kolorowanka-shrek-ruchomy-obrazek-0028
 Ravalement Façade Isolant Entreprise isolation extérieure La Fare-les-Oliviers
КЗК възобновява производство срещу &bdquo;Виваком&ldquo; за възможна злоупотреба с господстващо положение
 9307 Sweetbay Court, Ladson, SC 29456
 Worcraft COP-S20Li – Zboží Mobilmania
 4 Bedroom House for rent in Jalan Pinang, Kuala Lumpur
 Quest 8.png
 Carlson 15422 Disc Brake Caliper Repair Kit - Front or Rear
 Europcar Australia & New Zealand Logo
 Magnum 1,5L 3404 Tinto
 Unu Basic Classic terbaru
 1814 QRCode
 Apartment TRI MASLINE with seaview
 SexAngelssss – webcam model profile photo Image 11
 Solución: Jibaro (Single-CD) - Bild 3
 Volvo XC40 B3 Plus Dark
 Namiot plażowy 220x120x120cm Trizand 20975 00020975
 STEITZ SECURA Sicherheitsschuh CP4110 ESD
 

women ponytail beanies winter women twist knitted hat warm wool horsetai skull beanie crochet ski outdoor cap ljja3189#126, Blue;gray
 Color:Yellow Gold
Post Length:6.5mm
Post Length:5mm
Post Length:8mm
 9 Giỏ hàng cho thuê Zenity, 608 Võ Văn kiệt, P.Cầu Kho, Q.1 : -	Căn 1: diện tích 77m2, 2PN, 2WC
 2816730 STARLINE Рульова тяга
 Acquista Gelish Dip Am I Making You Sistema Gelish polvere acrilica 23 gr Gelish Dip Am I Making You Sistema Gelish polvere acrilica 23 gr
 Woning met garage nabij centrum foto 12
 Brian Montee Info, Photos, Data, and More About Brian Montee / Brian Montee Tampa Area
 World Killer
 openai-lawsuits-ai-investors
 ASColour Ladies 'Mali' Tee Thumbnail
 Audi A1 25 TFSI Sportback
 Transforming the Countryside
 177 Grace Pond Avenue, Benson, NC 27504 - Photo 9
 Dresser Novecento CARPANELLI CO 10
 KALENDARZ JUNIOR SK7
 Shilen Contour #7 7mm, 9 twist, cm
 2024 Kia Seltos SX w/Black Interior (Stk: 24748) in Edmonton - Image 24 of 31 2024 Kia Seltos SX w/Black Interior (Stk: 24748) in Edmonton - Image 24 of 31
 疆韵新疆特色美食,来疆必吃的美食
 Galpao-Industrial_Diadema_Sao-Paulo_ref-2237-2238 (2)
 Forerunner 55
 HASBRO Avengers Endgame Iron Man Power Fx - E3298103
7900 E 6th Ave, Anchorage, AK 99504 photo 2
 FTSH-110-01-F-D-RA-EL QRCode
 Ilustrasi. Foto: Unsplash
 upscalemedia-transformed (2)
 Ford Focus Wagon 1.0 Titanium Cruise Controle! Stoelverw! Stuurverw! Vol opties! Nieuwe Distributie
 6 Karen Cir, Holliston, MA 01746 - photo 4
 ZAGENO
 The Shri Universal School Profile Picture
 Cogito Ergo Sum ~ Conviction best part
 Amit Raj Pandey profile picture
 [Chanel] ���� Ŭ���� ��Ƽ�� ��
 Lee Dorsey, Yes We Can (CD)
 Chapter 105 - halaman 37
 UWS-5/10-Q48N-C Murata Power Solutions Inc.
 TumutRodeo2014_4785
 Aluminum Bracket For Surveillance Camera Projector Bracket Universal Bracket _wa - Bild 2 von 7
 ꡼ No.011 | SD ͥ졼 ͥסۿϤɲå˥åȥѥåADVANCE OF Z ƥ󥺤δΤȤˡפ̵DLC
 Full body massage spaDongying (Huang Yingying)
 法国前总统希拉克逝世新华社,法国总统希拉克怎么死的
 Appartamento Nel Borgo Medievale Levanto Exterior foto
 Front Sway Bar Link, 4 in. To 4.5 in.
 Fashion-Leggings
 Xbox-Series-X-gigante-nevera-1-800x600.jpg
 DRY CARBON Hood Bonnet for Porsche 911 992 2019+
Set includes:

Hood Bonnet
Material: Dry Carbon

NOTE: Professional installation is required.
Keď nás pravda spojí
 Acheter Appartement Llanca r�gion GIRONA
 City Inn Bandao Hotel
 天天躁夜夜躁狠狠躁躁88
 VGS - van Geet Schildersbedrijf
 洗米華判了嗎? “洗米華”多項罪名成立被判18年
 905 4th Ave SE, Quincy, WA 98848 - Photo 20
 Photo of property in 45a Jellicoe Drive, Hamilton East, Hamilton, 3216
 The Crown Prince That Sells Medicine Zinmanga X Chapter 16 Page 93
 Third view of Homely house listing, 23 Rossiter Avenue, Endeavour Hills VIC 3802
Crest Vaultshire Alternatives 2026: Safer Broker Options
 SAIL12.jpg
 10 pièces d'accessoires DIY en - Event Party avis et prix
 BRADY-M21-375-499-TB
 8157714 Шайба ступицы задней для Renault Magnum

Your task: Please write out exactly the line containing "TumutRodeo2014_4785" and every line after it through the end of the records, nothing more.

Your response:
 TumutRodeo2014_4785
 Aluminum Bracket For Surveillance Camera Projector Bracket Universal Bracket _wa - Bild 2 von 7
 ꡼ No.011 | SD ͥ졼 ͥסۿϤɲå˥åȥѥåADVANCE OF Z ƥ󥺤δΤȤˡפ̵DLC
 Full body massage spaDongying (Huang Yingying)
 法国前总统希拉克逝世新华社,法国总统希拉克怎么死的
 Appartamento Nel Borgo Medievale Levanto Exterior foto
 Front Sway Bar Link, 4 in. To 4.5 in.
 Fashion-Leggings
 Xbox-Series-X-gigante-nevera-1-800x600.jpg
 DRY CARBON Hood Bonnet for Porsche 911 992 2019+
Set includes:

Hood Bonnet
Material: Dry Carbon

NOTE: Professional installation is required.
Keď nás pravda spojí
 Acheter Appartement Llanca r�gion GIRONA
 City Inn Bandao Hotel
 天天躁夜夜躁狠狠躁躁88
 VGS - van Geet Schildersbedrijf
 洗米華判了嗎? “洗米華”多項罪名成立被判18年
 905 4th Ave SE, Quincy, WA 98848 - Photo 20
 Photo of property in 45a Jellicoe Drive, Hamilton East, Hamilton, 3216
 The Crown Prince That Sells Medicine Zinmanga X Chapter 16 Page 93
 Third view of Homely house listing, 23 Rossiter Avenue, Endeavour Hills VIC 3802
Crest Vaultshire Alternatives 2026: Safer Broker Options
 SAIL12.jpg
 10 pièces d'accessoires DIY en - Event Party avis et prix
 BRADY-M21-375-499-TB
 8157714 Шайба ступицы задней для Renault Magnum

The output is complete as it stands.